Durant cette période, une ONG internationale qui a enquêté envoie un rapport aux Nations unies, qui estime qu’entre 25 000 et 250 000 personnes ont été assassinées en Ouganda depuis le coup d’État de 1971.

Idi Amin règne par décrets, essentiellement oraux annoncés directement par la radio nationale et renforce son appareil sécuritaire.

Le pays s’engage dans une vaste politique de développement militaire qui inquiète son voisin kenyan. Au début du mois de juin 1975, les responsables kényans confisquent le chargement d’un gros convoi d’armes de fabrication soviétique en route pour l’Ouganda depuis le port de Mombasa.
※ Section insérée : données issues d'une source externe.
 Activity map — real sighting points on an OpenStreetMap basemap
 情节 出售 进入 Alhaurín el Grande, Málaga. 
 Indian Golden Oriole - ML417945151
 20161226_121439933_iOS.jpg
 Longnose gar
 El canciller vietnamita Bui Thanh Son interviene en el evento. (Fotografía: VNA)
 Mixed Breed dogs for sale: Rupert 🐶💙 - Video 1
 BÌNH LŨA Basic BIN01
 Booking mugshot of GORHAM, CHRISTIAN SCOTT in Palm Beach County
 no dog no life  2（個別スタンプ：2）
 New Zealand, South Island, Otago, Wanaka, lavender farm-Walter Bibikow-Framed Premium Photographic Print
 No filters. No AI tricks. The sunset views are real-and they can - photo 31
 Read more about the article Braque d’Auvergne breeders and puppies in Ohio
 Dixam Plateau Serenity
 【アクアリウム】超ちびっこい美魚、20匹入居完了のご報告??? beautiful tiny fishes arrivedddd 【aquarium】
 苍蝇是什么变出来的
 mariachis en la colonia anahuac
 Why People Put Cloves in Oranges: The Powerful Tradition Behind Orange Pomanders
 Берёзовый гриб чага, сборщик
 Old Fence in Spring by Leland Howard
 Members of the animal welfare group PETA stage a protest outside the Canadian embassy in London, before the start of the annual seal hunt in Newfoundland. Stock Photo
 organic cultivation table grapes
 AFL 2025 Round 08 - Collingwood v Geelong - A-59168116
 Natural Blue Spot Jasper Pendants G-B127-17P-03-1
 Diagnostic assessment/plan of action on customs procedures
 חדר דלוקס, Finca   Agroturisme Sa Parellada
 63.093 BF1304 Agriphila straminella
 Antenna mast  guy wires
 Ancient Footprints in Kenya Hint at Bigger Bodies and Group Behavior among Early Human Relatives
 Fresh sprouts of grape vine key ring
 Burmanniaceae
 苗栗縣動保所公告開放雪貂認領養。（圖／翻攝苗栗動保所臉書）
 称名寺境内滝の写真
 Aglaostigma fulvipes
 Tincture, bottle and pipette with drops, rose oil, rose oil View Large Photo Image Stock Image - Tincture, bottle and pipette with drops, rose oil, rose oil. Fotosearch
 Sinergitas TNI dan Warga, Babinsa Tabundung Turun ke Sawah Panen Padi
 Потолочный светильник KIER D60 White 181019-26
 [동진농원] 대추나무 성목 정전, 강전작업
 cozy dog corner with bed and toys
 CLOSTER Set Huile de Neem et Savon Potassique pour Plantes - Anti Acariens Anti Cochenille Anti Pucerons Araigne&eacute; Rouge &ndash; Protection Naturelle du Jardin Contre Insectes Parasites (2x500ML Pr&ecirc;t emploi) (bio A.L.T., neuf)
La tension atteint son maximum en février 1976 quand le président ougandais annonce soudainement qu’il va enquêter sur le fait qu’une grande partie du Sud-Soudan et de l’Ouest et du Centre du Kenya, jusqu’à 32 km de Nairobi, sont historiquement partie intégrante de l’Ouganda colonial. La réponse kényane arrive deux jours plus tard, très lapidaire, indiquant que le pays ne partagera pas « ne serait-ce qu’un pouce de son territoire ». Amin Dada fait finalement marche arrière en voyant les Kényans déployer des troupes et des transports blindés en position défensive sur la frontière avec l’Ouganda.

Idi Amin Dada entretient des liens forts avec les mouvements palestiniens. Les bâtiments de l’ambassade israélienne sont même offerts à l’OLP pour lui servir de quartier général. Le 27 juin 1976, le vol 139, un Airbus d’Air France reliant Tel Aviv à Paris, est détourné après une escale à Athènes, vers la Libye. L’avion se pose ensuite à l’aéroport international ougandais d’Entebbe situé à 32 km au sud de Kampala. Le gouvernement français fait pression sur Idi Amin pour qu’il accepte de recevoir l’avion détourné pour éviter que les pirates de l’air ne cherchent refuge auprès d’un pays plus distant sur le plan diplomatique. Le dictateur ougandais n’est d’ailleurs averti qu’au moment où l’avion survolait déjà Entebbe et se voit refuser l’accès à l’avion par le commando. Les preneurs d’otages demandent la libération de 53 prisonniers palestiniens et de la Fraction armée rouge en échange des 256 passagers et membres d’équipage. Trois autres terroristes les rejoignent en Ouganda et ils sont « assistés » par les troupes ougandaises. Amin Dada se donne l’image d’un médiateur. Mais le 3 juillet 1976 à minuit, des commandos israéliens attaquent l’aéroport, et libèrent tous les otages sauf quatre ; trois sont tués pendant l’assaut, dont un par les forces israéliennes ; un quatrième, Dora Bloch, une femme âgée de 75 ans qui avait été amenée dans un hôpital avant l’assaut, est assassinée par deux officiers ougandais sur ordre direct du dictateur deux jours après l’opération israélienne.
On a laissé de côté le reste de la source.